# [PROMPT]
The entries below should be transcribed in their entirety, exactly as written.

Web page caption snippets:
--------------------

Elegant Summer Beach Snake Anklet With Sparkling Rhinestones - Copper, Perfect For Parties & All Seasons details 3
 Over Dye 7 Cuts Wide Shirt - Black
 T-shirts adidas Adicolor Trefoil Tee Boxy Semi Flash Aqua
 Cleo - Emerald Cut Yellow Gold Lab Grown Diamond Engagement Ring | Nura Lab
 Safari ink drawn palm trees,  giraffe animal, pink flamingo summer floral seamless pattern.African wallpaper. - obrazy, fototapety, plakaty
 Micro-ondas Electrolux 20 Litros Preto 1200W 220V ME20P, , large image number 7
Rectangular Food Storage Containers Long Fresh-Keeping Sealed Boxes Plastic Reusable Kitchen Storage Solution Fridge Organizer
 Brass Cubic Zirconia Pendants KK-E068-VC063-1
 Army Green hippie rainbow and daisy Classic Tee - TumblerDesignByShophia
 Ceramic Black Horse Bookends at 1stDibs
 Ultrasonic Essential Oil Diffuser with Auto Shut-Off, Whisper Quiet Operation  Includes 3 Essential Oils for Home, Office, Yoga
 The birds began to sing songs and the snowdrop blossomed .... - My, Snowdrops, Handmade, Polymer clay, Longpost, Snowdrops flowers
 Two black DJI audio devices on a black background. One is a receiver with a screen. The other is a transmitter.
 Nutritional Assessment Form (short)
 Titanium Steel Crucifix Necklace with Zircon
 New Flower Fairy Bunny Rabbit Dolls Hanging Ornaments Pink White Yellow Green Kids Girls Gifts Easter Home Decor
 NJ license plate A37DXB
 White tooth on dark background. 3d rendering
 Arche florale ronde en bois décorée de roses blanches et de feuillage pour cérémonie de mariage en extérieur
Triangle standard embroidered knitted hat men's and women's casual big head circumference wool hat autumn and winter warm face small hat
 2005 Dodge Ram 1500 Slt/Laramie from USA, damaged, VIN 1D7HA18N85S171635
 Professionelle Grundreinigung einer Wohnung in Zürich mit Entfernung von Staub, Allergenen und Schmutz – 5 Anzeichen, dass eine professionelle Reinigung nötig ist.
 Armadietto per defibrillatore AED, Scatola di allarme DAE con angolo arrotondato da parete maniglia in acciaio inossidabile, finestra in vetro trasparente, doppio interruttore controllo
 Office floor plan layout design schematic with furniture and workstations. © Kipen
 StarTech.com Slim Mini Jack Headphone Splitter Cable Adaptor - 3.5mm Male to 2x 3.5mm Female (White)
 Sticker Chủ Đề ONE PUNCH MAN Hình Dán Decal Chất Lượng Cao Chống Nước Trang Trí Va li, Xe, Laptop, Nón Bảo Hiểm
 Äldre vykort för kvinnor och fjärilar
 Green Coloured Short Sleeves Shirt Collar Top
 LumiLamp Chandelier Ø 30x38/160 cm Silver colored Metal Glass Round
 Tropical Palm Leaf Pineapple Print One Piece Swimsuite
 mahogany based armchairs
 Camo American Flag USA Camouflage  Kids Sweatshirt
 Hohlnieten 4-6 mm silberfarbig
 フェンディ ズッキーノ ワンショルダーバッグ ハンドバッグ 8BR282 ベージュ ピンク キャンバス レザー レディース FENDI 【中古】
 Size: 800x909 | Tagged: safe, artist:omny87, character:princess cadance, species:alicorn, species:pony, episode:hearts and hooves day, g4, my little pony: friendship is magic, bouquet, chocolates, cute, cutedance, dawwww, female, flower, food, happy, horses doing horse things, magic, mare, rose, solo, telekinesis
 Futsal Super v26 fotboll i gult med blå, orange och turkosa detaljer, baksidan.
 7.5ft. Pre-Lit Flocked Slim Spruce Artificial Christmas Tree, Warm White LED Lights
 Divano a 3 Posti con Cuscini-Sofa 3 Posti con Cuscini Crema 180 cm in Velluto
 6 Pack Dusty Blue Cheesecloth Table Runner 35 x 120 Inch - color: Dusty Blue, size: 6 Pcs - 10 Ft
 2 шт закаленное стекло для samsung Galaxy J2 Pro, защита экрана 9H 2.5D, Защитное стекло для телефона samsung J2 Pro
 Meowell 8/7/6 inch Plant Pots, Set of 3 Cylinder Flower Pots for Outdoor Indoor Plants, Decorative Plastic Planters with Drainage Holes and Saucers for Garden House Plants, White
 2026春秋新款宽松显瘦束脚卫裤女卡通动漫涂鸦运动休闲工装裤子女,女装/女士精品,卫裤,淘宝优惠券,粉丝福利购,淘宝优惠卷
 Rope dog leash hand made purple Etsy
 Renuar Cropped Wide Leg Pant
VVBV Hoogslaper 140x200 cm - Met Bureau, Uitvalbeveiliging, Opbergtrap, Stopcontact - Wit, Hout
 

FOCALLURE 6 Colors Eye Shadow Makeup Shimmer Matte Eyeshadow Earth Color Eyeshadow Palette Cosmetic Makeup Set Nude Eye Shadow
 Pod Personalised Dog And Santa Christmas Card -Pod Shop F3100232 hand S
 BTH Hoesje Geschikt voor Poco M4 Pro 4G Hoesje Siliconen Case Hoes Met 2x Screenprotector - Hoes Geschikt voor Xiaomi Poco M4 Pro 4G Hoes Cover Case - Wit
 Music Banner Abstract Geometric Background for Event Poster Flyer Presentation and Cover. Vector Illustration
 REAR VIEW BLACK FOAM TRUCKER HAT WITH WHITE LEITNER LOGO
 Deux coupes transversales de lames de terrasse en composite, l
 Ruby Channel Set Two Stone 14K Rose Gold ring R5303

--------------------

# [FINISHED EXERCISE]
Elegant Summer Beach Snake Anklet With Sparkling Rhinestones - Copper, Perfect For Parties & All Seasons details 3
 Over Dye 7 Cuts Wide Shirt - Black
 T-shirts adidas Adicolor Trefoil Tee Boxy Semi Flash Aqua
 Cleo - Emerald Cut Yellow Gold Lab Grown Diamond Engagement Ring | Nura Lab
 Safari ink drawn palm trees,  giraffe animal, pink flamingo summer floral seamless pattern.African wallpaper. - obrazy, fototapety, plakaty
 Micro-ondas Electrolux 20 Litros Preto 1200W 220V ME20P, , large image number 7
Rectangular Food Storage Containers Long Fresh-Keeping Sealed Boxes Plastic Reusable Kitchen Storage Solution Fridge Organizer
 Brass Cubic Zirconia Pendants KK-E068-VC063-1
 Army Green hippie rainbow and daisy Classic Tee - TumblerDesignByShophia
 Ceramic Black Horse Bookends at 1stDibs
 Ultrasonic Essential Oil Diffuser with Auto Shut-Off, Whisper Quiet Operation  Includes 3 Essential Oils for Home, Office, Yoga
 The birds began to sing songs and the snowdrop blossomed .... - My, Snowdrops, Handmade, Polymer clay, Longpost, Snowdrops flowers
 Two black DJI audio devices on a black background. One is a receiver with a screen. The other is a transmitter.
 Nutritional Assessment Form (short)
 Titanium Steel Crucifix Necklace with Zircon
 New Flower Fairy Bunny Rabbit Dolls Hanging Ornaments Pink White Yellow Green Kids Girls Gifts Easter Home Decor
 NJ license plate A37DXB
 White tooth on dark background. 3d rendering
 Arche florale ronde en bois décorée de roses blanches et de feuillage pour cérémonie de mariage en extérieur
Triangle standard embroidered knitted hat men's and women's casual big head circumference wool hat autumn and winter warm face small hat
 2005 Dodge Ram 1500 Slt/Laramie from USA, damaged, VIN 1D7HA18N85S171635
 Professionelle Grundreinigung einer Wohnung in Zürich mit Entfernung von Staub, Allergenen und Schmutz – 5 Anzeichen, dass eine professionelle Reinigung nötig ist.
 Armadietto per defibrillatore AED, Scatola di allarme DAE con angolo arrotondato da parete maniglia in acciaio inossidabile, finestra in vetro trasparente, doppio interruttore controllo
 Office floor plan layout design schematic with furniture and workstations. © Kipen
 StarTech.com Slim Mini Jack Headphone Splitter Cable Adaptor - 3.5mm Male to 2x 3.5mm Female (White)
 Sticker Chủ Đề ONE PUNCH MAN Hình Dán Decal Chất Lượng Cao Chống Nước Trang Trí Va li, Xe, Laptop, Nón Bảo Hiểm
 Äldre vykort för kvinnor och fjärilar
 Green Coloured Short Sleeves Shirt Collar Top
 LumiLamp Chandelier Ø 30x38/160 cm Silver colored Metal Glass Round
 Tropical Palm Leaf Pineapple Print One Piece Swimsuite
 mahogany based armchairs
 Camo American Flag USA Camouflage  Kids Sweatshirt
 Hohlnieten 4-6 mm silberfarbig
 フェンディ ズッキーノ ワンショルダーバッグ ハンドバッグ 8BR282 ベージュ ピンク キャンバス レザー レディース FENDI 【中古】
 Size: 800x909 | Tagged: safe, artist:omny87, character:princess cadance, species:alicorn, species:pony, episode:hearts and hooves day, g4, my little pony: friendship is magic, bouquet, chocolates, cute, cutedance, dawwww, female, flower, food, happy, horses doing horse things, magic, mare, rose, solo, telekinesis
 Futsal Super v26 fotboll i gult med blå, orange och turkosa detaljer, baksidan.
 7.5ft. Pre-Lit Flocked Slim Spruce Artificial Christmas Tree, Warm White LED Lights
 Divano a 3 Posti con Cuscini-Sofa 3 Posti con Cuscini Crema 180 cm in Velluto
 6 Pack Dusty Blue Cheesecloth Table Runner 35 x 120 Inch - color: Dusty Blue, size: 6 Pcs - 10 Ft
 2 шт закаленное стекло для samsung Galaxy J2 Pro, защита экрана 9H 2.5D, Защитное стекло для телефона samsung J2 Pro
 Meowell 8/7/6 inch Plant Pots, Set of 3 Cylinder Flower Pots for Outdoor Indoor Plants, Decorative Plastic Planters with Drainage Holes and Saucers for Garden House Plants, White
 2026春秋新款宽松显瘦束脚卫裤女卡通动漫涂鸦运动休闲工装裤子女,女装/女士精品,卫裤,淘宝优惠券,粉丝福利购,淘宝优惠卷
 Rope dog leash hand made purple Etsy
 Renuar Cropped Wide Leg Pant
VVBV Hoogslaper 140x200 cm - Met Bureau, Uitvalbeveiliging, Opbergtrap, Stopcontact - Wit, Hout
 

FOCALLURE 6 Colors Eye Shadow Makeup Shimmer Matte Eyeshadow Earth Color Eyeshadow Palette Cosmetic Makeup Set Nude Eye Shadow
 Pod Personalised Dog And Santa Christmas Card -Pod Shop F3100232 hand S
 BTH Hoesje Geschikt voor Poco M4 Pro 4G Hoesje Siliconen Case Hoes Met 2x Screenprotector - Hoes Geschikt voor Xiaomi Poco M4 Pro 4G Hoes Cover Case - Wit
 Music Banner Abstract Geometric Background for Event Poster Flyer Presentation and Cover. Vector Illustration
 REAR VIEW BLACK FOAM TRUCKER HAT WITH WHITE LEITNER LOGO
 Deux coupes transversales de lames de terrasse en composite, l
 Ruby Channel Set Two Stone 14K Rose Gold ring R5303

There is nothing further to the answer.